• Directions for this task
Where does "России" appear in the data? Return each line that holds it.

[Short text fragments from websites]
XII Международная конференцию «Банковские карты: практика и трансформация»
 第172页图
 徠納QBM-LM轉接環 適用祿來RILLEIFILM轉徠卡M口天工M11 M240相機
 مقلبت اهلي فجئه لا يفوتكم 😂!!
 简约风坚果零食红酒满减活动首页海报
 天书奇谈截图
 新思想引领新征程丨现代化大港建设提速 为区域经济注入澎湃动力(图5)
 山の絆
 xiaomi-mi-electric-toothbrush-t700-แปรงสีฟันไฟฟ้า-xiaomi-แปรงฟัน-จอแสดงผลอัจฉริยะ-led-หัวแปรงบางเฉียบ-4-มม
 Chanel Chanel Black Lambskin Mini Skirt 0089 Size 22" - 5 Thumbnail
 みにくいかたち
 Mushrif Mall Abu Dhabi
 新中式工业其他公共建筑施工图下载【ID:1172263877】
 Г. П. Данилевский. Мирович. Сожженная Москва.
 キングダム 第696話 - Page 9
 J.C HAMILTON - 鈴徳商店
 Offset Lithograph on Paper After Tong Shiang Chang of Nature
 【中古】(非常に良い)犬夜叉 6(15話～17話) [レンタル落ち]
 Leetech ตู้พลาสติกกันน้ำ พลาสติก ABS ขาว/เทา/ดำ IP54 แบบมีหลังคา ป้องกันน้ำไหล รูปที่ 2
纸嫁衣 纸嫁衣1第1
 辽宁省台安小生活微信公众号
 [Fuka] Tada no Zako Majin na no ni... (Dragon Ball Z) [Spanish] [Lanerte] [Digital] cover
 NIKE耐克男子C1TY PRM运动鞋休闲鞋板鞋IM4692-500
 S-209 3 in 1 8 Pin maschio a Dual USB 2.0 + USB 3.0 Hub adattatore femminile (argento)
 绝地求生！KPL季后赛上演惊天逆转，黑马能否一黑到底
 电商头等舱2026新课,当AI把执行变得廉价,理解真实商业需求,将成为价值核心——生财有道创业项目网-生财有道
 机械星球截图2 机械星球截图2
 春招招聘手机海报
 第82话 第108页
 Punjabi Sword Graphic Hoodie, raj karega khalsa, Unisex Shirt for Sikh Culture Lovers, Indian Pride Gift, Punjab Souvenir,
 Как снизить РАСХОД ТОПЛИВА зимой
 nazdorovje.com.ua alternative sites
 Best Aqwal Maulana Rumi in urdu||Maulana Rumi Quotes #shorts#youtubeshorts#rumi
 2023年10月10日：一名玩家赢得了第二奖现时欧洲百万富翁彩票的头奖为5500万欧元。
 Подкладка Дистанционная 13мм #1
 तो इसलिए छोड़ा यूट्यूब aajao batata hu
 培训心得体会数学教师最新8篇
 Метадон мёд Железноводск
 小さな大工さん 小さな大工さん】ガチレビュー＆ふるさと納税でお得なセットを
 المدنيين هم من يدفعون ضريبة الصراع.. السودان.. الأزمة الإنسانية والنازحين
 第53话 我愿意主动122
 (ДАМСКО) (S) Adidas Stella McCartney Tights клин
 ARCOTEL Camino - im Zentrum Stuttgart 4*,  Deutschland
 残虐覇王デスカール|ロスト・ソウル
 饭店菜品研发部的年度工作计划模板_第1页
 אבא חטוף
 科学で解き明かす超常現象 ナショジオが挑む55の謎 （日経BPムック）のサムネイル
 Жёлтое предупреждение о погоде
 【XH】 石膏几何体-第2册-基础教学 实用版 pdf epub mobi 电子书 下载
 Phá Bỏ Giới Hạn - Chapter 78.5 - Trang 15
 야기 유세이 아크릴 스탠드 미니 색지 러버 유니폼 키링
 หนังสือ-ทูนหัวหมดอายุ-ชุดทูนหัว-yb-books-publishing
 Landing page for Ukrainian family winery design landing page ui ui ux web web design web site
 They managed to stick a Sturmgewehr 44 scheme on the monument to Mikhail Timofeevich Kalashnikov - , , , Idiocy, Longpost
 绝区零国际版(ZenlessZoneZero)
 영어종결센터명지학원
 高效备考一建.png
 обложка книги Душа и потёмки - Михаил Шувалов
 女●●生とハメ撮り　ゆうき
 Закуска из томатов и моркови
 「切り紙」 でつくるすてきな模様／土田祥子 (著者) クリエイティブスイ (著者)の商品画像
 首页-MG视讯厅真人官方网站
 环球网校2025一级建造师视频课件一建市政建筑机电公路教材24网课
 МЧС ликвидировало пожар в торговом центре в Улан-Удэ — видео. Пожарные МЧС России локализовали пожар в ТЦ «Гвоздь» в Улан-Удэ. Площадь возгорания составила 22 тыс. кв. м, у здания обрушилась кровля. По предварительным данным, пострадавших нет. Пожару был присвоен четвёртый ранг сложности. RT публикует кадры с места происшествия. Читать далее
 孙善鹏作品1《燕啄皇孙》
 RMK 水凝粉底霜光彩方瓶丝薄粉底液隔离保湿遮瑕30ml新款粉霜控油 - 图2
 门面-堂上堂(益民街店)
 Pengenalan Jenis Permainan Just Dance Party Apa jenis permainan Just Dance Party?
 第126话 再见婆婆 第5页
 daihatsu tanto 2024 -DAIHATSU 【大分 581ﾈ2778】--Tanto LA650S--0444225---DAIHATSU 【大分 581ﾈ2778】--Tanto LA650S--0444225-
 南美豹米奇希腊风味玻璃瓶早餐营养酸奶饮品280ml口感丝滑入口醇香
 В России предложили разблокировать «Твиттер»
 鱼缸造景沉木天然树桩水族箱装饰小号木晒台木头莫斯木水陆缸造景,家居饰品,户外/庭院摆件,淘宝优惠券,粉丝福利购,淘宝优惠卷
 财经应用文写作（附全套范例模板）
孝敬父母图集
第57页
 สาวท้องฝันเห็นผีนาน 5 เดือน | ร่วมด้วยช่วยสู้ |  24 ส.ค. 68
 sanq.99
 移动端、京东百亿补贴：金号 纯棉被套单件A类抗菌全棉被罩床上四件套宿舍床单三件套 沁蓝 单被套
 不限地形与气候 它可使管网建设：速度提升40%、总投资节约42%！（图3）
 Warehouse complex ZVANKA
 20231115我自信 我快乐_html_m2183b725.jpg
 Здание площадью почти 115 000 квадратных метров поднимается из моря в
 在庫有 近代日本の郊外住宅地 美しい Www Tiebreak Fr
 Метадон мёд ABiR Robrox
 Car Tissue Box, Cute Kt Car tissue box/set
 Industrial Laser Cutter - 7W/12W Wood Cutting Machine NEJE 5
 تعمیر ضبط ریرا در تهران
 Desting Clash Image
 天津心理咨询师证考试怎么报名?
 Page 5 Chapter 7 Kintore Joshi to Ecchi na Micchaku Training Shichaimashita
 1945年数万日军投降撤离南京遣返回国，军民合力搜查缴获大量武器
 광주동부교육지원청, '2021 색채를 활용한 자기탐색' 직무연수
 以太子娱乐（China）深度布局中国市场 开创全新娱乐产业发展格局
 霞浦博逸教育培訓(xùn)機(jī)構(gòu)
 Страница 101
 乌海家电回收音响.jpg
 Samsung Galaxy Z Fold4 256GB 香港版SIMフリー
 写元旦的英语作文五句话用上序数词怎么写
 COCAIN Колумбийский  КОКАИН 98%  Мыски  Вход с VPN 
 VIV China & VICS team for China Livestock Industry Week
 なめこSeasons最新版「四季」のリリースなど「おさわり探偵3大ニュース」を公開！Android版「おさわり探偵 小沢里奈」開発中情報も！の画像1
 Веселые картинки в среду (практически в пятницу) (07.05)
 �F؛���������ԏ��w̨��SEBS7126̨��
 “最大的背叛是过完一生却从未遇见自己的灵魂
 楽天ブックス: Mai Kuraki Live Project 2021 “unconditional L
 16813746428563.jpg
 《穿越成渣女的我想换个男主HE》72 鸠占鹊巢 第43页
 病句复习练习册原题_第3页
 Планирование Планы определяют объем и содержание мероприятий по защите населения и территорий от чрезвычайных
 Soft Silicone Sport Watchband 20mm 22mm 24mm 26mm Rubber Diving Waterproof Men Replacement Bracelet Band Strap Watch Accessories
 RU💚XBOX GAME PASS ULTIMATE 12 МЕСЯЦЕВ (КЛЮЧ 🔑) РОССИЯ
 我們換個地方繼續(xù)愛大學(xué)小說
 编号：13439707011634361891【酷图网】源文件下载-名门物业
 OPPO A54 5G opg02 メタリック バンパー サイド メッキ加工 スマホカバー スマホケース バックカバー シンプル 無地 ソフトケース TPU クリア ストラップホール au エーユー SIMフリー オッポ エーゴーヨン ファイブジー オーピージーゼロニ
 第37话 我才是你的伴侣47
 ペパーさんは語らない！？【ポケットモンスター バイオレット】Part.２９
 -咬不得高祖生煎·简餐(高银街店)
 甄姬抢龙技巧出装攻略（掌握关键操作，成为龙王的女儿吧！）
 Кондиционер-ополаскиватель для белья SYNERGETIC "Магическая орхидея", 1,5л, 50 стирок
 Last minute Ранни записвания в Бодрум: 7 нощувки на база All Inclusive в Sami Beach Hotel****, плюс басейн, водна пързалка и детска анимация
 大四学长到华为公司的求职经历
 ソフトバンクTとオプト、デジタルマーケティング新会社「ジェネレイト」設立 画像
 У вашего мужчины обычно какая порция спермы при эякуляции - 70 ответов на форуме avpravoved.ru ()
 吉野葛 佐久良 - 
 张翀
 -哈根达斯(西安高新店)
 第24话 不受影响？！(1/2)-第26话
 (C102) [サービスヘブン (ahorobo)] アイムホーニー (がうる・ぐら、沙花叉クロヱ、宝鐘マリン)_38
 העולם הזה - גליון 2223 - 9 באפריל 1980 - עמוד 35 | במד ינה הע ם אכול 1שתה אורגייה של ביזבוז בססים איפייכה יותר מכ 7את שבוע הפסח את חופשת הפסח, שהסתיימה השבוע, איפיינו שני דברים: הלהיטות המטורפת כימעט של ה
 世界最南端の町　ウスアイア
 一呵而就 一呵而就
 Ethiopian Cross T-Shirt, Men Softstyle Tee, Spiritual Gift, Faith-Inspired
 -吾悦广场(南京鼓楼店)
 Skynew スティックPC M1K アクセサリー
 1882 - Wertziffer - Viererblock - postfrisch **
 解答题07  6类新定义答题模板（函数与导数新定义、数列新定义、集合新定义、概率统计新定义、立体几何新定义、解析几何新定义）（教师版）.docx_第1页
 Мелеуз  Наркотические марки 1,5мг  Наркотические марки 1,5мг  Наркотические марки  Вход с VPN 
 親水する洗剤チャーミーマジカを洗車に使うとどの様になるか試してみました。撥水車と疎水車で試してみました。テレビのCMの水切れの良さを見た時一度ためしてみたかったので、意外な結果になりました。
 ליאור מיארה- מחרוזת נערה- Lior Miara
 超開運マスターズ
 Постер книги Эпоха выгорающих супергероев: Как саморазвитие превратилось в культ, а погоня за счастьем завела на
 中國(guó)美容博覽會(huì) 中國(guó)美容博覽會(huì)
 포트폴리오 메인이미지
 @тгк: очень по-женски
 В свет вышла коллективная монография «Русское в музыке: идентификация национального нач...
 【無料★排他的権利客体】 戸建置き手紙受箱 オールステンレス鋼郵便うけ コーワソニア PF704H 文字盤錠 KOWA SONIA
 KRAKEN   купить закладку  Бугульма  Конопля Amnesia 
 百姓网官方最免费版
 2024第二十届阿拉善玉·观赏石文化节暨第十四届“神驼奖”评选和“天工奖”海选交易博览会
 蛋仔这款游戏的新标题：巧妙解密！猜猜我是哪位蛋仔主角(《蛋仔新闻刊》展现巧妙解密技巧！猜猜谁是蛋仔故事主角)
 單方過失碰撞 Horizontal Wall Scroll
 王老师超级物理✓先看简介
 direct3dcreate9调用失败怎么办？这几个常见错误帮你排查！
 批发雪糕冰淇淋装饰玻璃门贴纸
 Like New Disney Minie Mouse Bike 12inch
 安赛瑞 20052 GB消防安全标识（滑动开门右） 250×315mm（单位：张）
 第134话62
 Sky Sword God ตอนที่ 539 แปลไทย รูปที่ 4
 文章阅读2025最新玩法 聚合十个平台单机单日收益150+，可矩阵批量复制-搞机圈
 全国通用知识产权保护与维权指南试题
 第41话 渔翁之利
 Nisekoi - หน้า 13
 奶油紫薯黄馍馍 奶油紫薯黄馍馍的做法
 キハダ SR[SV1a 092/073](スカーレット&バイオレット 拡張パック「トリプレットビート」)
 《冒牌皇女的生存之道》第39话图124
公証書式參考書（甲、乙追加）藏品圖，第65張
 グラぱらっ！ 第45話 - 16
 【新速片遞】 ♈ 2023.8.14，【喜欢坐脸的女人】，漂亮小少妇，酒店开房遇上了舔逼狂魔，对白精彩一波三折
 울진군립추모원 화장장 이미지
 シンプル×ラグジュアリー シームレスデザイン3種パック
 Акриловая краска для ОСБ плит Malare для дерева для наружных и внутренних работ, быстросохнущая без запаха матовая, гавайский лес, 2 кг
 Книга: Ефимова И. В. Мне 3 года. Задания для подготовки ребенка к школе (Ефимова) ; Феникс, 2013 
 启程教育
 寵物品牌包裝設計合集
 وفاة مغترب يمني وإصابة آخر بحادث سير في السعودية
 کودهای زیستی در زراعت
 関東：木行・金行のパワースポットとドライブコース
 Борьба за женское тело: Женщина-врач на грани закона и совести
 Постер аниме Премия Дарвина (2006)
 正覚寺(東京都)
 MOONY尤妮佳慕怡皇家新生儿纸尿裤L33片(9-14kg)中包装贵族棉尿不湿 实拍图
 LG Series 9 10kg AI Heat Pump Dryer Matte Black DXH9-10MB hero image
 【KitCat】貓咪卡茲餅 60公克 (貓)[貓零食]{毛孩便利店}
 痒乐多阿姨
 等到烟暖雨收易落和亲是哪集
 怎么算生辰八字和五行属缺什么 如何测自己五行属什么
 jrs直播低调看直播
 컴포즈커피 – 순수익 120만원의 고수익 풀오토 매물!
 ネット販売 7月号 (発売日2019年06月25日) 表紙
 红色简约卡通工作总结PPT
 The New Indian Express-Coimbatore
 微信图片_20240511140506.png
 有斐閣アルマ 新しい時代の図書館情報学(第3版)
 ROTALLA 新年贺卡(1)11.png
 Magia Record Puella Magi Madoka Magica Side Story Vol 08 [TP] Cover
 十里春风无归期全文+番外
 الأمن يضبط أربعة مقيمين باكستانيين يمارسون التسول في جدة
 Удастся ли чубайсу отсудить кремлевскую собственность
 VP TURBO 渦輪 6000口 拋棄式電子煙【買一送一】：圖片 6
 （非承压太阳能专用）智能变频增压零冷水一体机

• Result of the task
 МЧС ликвидировало пожар в торговом центре в Улан-Удэ — видео. Пожарные МЧС России локализовали пожар в ТЦ «Гвоздь» в Улан-Удэ. Площадь возгорания составила 22 тыс. кв. м, у здания обрушилась кровля. По предварительным данным, пострадавших нет. Пожару был присвоен четвёртый ранг сложности. RT публикует кадры с места происшествия. Читать далее
 В России предложили разблокировать «Твиттер»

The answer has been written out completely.